Using a hand-held electric mixer, beat for about six minutes or until light and fluffy. Do not overbeat or the mousse will be grainy.
Spoon into glasses and serve immediately.
COOK WITH JOSH
Author: Josh Thirion
Reviewed by: Sasha Zambetti
In his first cookbook – at the age of nine! – Josh has chosen 48 of his favourite dishes and you’d be surprised how healthy they are.
Josh, who was inspired by MasterChef, is so passionate about cooking he inspires me.
I have a young son who would absolutely love to try these recipes, each of which is accompanied by a beautiful photograh as well as a self-drawn illustrations and a game.
A wonderful present for any child to spark their interest in cooking.
COLOURFUL EGG NESTS
12 slices of bread
12 large eggs
plenty of grated cheese
halved cocktail tomatoes, thinly sliced baby spinach leaves, diced red or yellow peppers, sliced mushrooms
Preheat the oven to 180ºC. Grease a 12-hole muffin pan.
Carefully cut the crusts off the bread and mould the slices into the muffin tin, one piece to each hole, flattening gently with your hands. Crack one egg into each hole. Bake for about 10 minutes.
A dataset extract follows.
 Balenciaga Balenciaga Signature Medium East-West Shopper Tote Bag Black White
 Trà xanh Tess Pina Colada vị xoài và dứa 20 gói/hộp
Take nests out of the oven and shake the tin to see if the egg is cooked. When done to your liking, carefully remove the nests from the tin, put on individual plates and sprinkle over some grated cheese.
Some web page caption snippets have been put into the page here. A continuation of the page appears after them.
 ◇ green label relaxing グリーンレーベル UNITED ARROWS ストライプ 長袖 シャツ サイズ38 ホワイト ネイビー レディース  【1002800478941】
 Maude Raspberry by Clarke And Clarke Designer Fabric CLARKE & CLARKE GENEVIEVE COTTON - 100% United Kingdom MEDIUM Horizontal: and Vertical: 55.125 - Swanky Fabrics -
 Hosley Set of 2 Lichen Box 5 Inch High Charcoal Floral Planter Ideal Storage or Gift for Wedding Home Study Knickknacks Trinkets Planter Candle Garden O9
Top with your choice of toppings and serve immediately while still hot.
YOU CAN WITH FISH
Author: Tamsin Snyman
Publisher: Lannice Snyman Publishers
I really love this cookbook because I am a huge fan of fish and sustainable fishing. Tinned fish is truly nutritious and, best of all, it’s a high quality protein for a very economical price.
The book is divided into three main sections – meal preparation times of under 10, 20 and 30 minutes, to suit you and your family’s busy schedule.
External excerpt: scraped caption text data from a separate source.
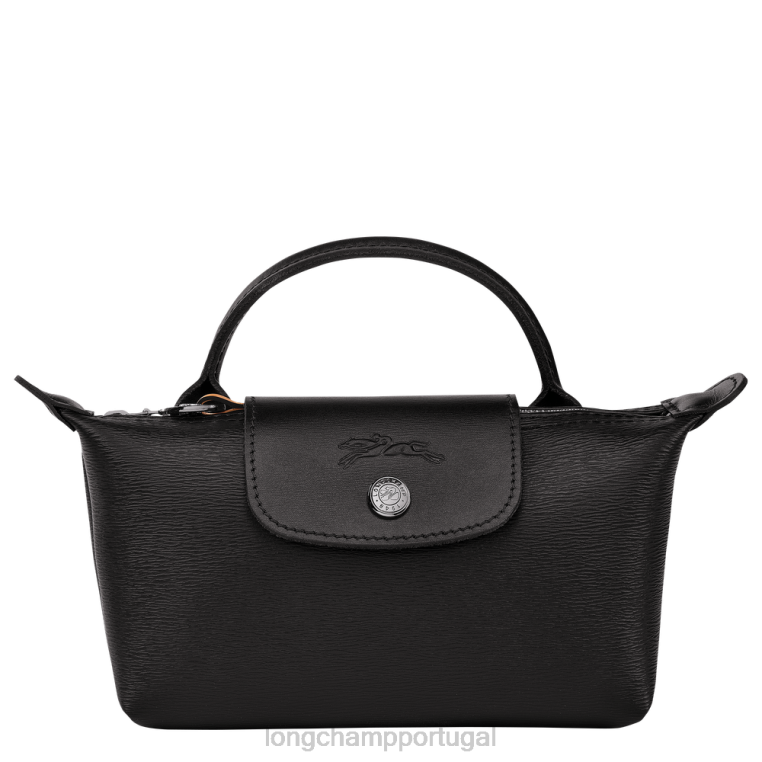 artigos de couro preto H88N678 bolsa le pliage city com alça mulheres Longchamp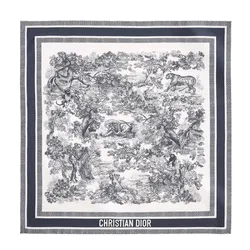 Khăn Lụa Nữ Dior Toile de Jouy Sauvage 90 Square Scarf  Màu Trắng/Navy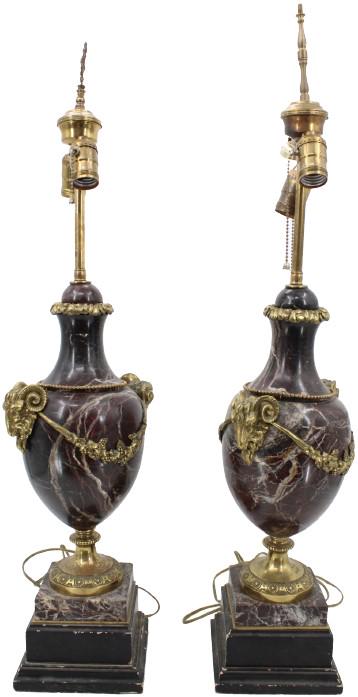 Pair Neoclassical Marble & Bronze Urn Table Lamps (1 of 19)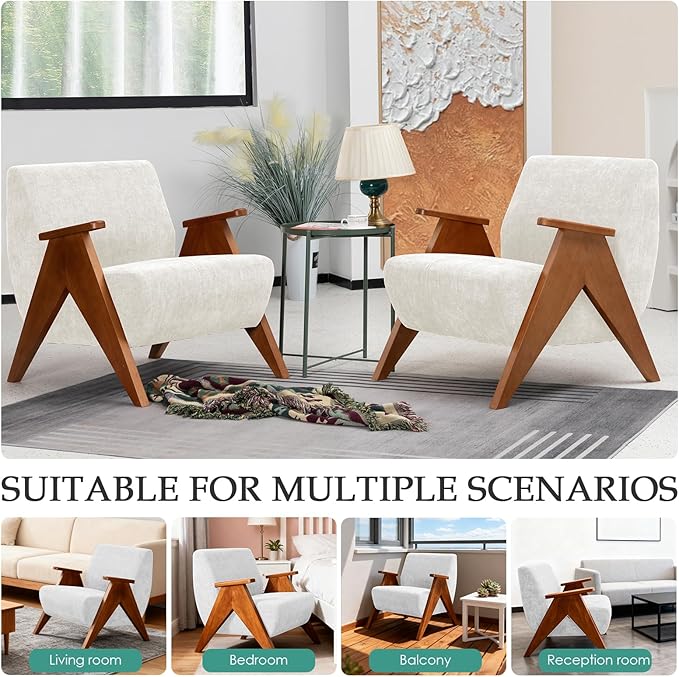 Home Accent Chair Mid Century Modern Accent Chair with Wood Frame Lounge Upholstered Armchair Reading Chair Sturdy BaseFor Living Room BedroomOfficeComfy Guest Waiting Room ChairsBeige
My two favourite recipes are the sardine pancake bake and the tuna and mushroom casserole.
TUNA AND MUSHROOM CASSEROLE
170g can of shredded tuna, drained
350g cooked brown rice
250g button mushrooms, roughly chopped
125ml low-fat or fat-free milk
5ml chopped fresh thyme
1 onion, finely chopped
10ml wholegrain mustard
2.5ml milled black pepper
80g reduced-fat cheddar cheese, grated
250ml whole-wheat breadcrumbs
Preheat the oven to 180ºC.
Mix together the tuna, rice, mushrooms, milk, thyme, onion, mustard, pepper and half the cheese. Spoon into an ovenproof dish.
Mix the remaining cheese with the breadcrumbs and scatter over the top of the tuna mixture. Bake for about 20 minutes until bubbling hot and crispy on top.